Huge profits put money in the bank – now leaders must decide how to deploy it

Reinsurance CEOs face defining moment as pricing cycle turns

Reinsurance News

By Kenneth Araullo

Reinsurance CEOs must navigate a sharp turn in pricing after a record run of profitability, with a new Oxbow Partners report warning that the decisions made in the coming months will shape the sector for years.

The consultancy's report found that underwriting profit across leading reinsurers hit a decade high of $14.8 billion in 2024, and that third-quarter 2025 results had already surpassed full-year 2023 figures. Disciplined pricing, tighter wordings, and a relatively mild year for US wind events all contributed.

But the market has turned. The January 2026 renewals saw broad-based declines, with some property lines falling by double digits. Howden Re estimated that risk-adjusted global property catastrophe rates-on-line dropped 14.7%, the steepest annual fall since 2014. Guy Carpenter put the decline at 12%, with European rates down 15%.
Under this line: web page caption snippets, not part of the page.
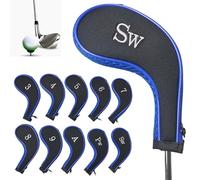 Blablablalu 10Pcs Golf Iron Head Covers, Waterproof Golf Club Head Covers with Zipper and Embroidered Numbers, Club Heads Protector, Blue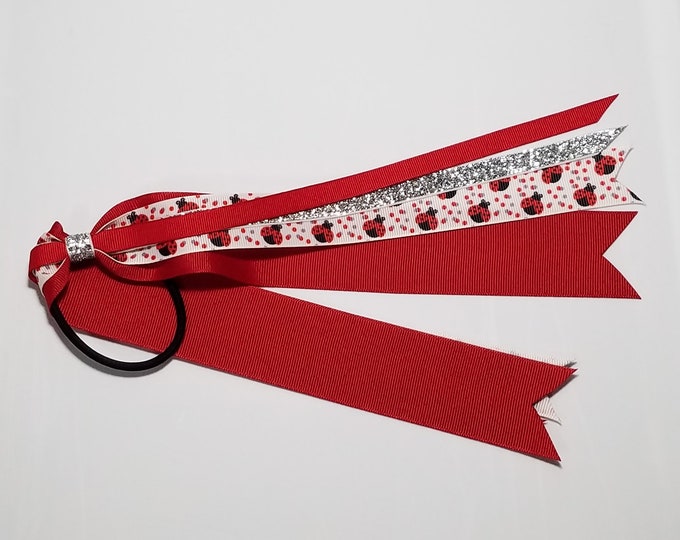 Ladybug Ponytail Streamer *You Choose Solid Ribbon Color- Glitter Color & Length*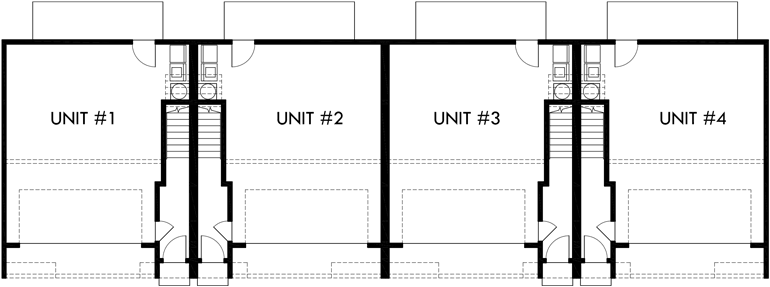 Lower Floor Plan 2 for Fourplex house plans, 3 story town house, 3 bedroom townhouse, 4 plex plans with garage, F-546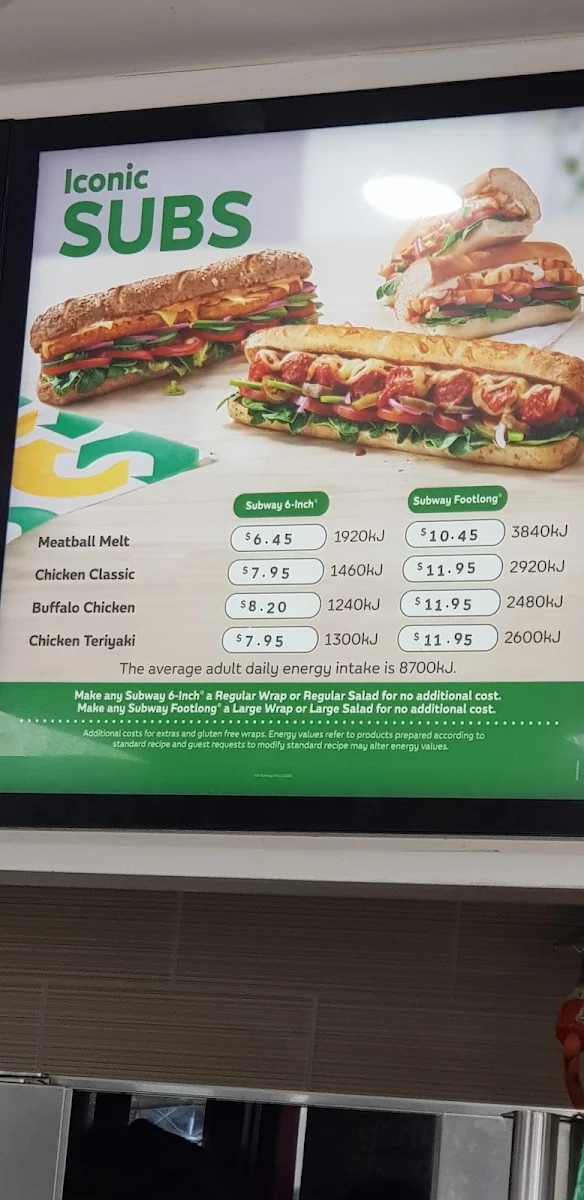 Menu, Subway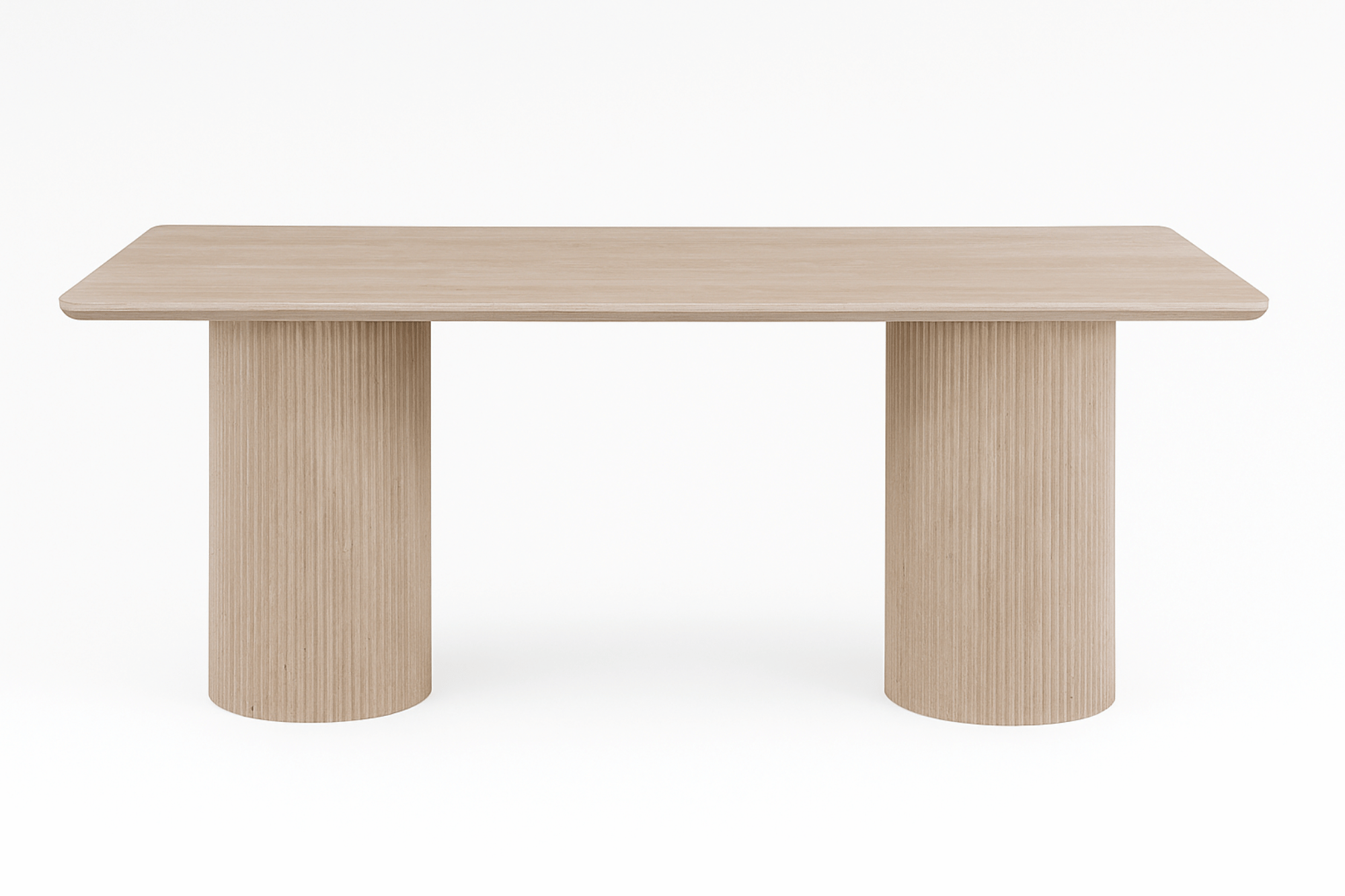 Table à manger design en pierre naturelle type travertin EVA – 180 cm – Pieds cylindriques striés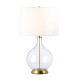 Lampada da tavolo moderna in vetro con base in acciaio e paralume in tessuto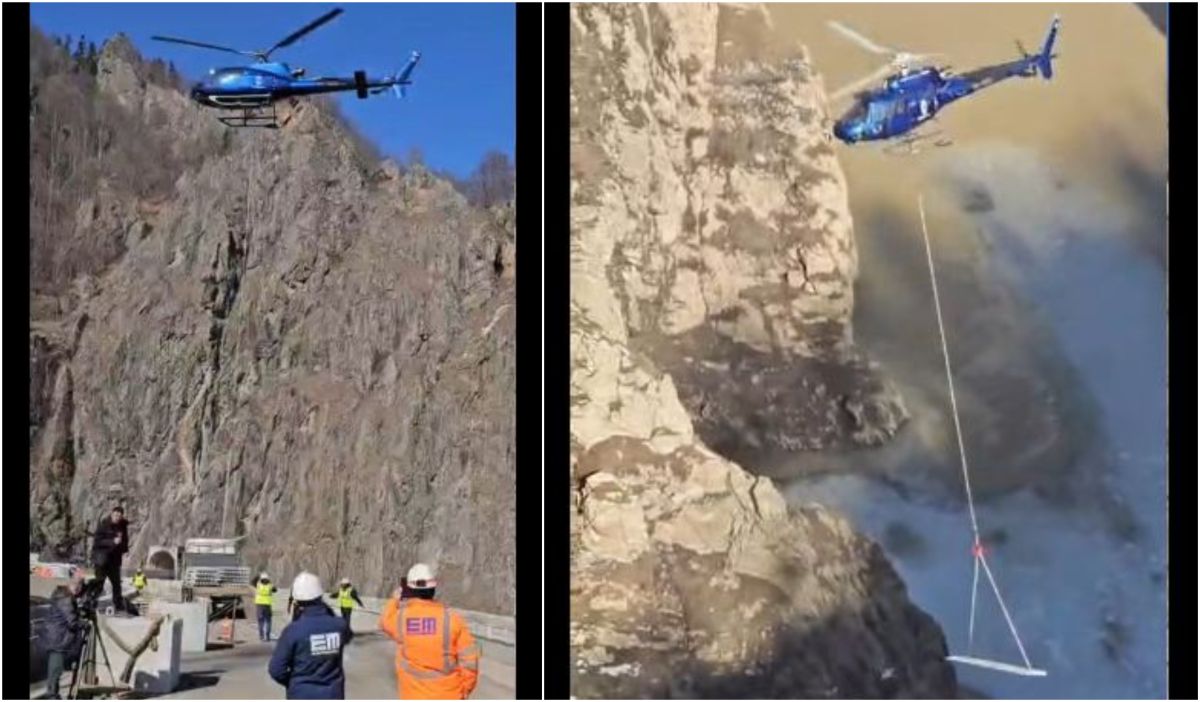 Când se reumple lacul Vidraru: a fost adus inclusiv un elicopter la baraj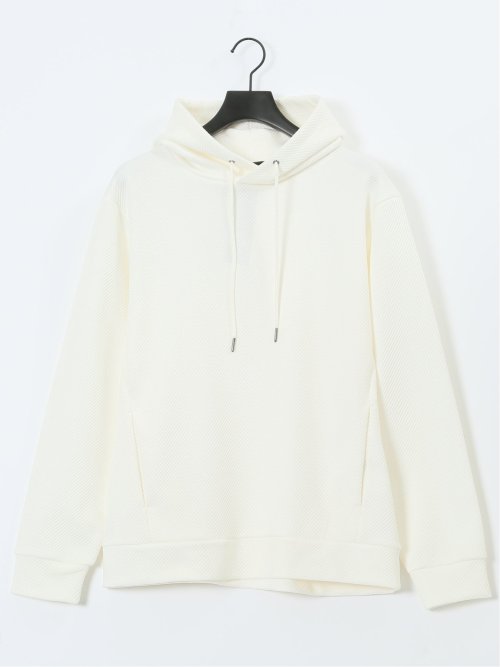 ストレッチ ふくれジャガード プルパーカー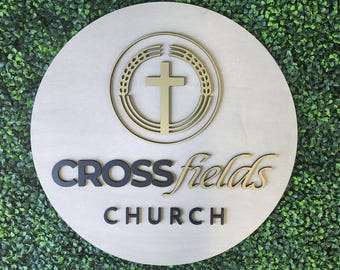 Custom Church Wood Sign: 3D Religious Logo Decor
Oxbow Partners said growing investor sophistication and systemic risks from climate change, social inflation, and geopolitics could dampen the severity of the current downturn relative to previous cycles.

Lessons from the last soft market

The sector has been here before. The last sustained period of rate erosion ran from roughly 2014 to 2019. An IAIS report published in February 2018 described non-life reinsurance as facing "soft market conditions" heading into 2017, with competition "especially strong."

Property catastrophe rates fell to their lowest rate-on-line index since 2000 before Hurricanes Harvey, Irma, and Maria struck later that year, pushing the average reinsurer combined ratio above 110%, AM Best noted in a 2024 retrospective.

Whether history repeats remains to be seen. In a January 2025 report, Autonomous Research characterized the current downturn as "a soft landing" rather than the sharp cliff edges of prior cycles. Attachment points remain elevated and terms are tighter than in the pre-2017 era, Howden Re's David Flandro observed at the January 2026 renewals.

Shifting market share

The competitive landscape has changed significantly. European incumbents Munich Re and Swiss Re saw their combined market share fall from 46% in 2014 to 32% in 2024, the Oxbow Partners report found. Scale challengers Hannover Re, Everest Re, RenaissanceRe, and Arch Re expanded from 22% to 39% over the same period.

Years of strong results have left reinsurers with capital reserves well above target ranges, creating what the report calls "the conundrum of success."

Munich Re, in its Ambition 2030 strategy announced in December 2025, said it would raise the combined earnings contribution of life and health reinsurance, Global Specialty Insurance, and ERGO from roughly 50% to 60% by 2030 to manage through cycles.

Oxbow Partners outlined five priorities for reinsurance CEOs: reconfirming corporate strategy as several large players reduce their reliance on P&C reinsurance, building a medium-term plan spanning the next five to 10 years, preparing decision-making processes for a soft market, overhauling organizational structures, and investing in artificial intelligence.